Suppressing spurious oscillations and particle noise in particle-in-cell simulations

TL;DR

This paper introduces numerical techniques within a semi-implicit PIC framework to suppress unphysical oscillations and reduce particle noise, improving the accuracy of plasma simulations involving shocks and magnetic reconnection.

Contribution

The work presents a Lax-Friedrichs-type diffusion with flux limiter and a new current calculation method, enhancing PIC simulation stability and noise reduction.

Findings

Effective suppression of oscillations near discontinuities.

Significant noise reduction in fast plasma flow simulations.

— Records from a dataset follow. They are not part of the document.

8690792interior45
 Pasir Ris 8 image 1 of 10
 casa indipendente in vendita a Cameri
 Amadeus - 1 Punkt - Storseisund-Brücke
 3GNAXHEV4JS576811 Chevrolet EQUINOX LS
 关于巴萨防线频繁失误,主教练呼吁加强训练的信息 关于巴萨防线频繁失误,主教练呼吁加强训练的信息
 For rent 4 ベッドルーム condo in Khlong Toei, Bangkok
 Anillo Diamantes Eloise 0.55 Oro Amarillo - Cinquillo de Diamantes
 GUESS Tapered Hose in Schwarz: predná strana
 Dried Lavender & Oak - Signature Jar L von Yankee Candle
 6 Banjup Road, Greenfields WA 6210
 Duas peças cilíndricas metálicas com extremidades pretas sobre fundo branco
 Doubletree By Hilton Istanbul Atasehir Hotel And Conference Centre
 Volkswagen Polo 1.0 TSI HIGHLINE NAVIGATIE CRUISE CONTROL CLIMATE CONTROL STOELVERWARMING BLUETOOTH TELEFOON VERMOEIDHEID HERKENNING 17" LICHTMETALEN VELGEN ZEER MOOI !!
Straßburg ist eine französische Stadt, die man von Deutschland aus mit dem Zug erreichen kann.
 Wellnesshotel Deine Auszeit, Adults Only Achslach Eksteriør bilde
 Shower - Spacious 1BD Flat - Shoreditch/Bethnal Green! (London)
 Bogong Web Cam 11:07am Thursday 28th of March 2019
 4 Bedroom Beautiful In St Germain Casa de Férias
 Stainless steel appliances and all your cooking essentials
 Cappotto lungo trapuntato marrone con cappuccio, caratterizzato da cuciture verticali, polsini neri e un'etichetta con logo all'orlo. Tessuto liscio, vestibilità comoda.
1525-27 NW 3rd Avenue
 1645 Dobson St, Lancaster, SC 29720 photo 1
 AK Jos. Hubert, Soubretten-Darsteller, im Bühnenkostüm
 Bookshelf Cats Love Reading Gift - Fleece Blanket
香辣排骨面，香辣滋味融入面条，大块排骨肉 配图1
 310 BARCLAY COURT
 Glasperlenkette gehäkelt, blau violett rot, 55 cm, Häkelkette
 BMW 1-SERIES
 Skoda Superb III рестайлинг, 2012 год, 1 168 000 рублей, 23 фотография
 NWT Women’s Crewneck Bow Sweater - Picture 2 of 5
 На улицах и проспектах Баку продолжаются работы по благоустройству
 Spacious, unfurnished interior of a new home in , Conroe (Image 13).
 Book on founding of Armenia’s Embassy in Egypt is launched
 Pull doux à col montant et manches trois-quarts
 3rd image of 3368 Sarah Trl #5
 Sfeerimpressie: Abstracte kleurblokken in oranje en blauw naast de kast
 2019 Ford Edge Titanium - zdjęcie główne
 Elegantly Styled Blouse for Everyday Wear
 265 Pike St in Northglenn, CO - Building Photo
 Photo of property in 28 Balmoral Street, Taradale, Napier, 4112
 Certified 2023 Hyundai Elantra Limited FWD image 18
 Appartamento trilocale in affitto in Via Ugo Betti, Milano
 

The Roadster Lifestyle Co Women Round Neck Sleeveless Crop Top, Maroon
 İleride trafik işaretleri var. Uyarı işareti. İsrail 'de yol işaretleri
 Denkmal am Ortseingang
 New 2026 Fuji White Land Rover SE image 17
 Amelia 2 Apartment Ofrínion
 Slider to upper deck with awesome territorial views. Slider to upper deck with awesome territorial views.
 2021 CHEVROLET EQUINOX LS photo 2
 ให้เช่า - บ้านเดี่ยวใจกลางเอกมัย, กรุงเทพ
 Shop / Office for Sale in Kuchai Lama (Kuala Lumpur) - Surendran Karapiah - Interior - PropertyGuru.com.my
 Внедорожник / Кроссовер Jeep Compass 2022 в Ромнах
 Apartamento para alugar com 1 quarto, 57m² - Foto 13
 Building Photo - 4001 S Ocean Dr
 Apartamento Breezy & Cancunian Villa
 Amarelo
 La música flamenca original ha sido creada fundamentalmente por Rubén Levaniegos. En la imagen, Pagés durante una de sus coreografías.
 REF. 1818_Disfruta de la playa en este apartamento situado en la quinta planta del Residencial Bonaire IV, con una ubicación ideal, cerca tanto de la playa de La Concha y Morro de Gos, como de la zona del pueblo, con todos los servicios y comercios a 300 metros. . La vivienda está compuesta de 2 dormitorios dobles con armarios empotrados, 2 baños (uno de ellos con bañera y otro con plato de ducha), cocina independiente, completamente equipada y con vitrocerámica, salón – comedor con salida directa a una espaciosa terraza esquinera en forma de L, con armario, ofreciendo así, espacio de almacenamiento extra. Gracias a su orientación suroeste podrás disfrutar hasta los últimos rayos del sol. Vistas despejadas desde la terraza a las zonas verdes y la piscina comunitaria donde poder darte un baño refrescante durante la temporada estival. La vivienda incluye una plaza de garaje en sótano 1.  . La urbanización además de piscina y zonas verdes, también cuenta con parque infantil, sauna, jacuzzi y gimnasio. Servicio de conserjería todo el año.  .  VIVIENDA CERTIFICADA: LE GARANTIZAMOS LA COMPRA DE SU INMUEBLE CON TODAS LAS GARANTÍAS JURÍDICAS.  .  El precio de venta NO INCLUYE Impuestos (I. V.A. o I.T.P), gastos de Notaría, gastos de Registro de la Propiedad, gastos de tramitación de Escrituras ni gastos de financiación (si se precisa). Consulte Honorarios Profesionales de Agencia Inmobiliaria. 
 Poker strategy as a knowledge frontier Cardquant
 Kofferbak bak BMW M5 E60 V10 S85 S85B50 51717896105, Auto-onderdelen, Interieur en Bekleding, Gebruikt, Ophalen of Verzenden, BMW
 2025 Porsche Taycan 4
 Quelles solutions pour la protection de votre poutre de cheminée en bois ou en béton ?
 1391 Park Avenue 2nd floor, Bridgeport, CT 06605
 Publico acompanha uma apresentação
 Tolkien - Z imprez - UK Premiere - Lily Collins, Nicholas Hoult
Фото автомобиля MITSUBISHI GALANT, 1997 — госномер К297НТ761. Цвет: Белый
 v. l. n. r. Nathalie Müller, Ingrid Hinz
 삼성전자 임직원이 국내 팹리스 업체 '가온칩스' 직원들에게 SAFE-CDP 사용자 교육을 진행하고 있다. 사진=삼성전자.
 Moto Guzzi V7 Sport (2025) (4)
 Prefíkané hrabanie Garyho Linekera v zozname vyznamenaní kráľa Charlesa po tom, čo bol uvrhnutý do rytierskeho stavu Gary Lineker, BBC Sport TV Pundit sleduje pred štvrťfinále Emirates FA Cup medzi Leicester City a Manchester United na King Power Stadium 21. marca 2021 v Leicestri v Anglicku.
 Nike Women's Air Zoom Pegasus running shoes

Improved accuracy in shock and magnetic reconnection modeling.

Abstract

Particle-in-cell (PIC) simulations are essential for studying kinetic plasma processes, but they often suffer from statistical noise, especially in plasmas with fast flows. We have also found that the typical central difference scheme used in PIC codes to solve Maxwell's equations produces spurious oscillations near discontinuities, which can lead to unphysical solutions. In this work, we present numerical techniques to address these challenges within the semi-implicit PIC code FLEKS, which is based on the Gauss's Law-satisfying Energy-Conserving Semi-Implicit Particle-in-Cell method (GL-ECSIM). First, we introduce a Lax-Friedrichs-type diffusion term with a flux limiter into the Maxwell solver to suppress unphysical oscillations near discontinuities. Second, we propose a novel approach for calculating the current density in the comoving frame, which significantly reduces particle noise in simulations with fast plasma flows. Numerical tests are presented to demonstrate the effectiveness of these methods in mitigating spurious oscillations and noise in shock and magnetic reconnection simulations.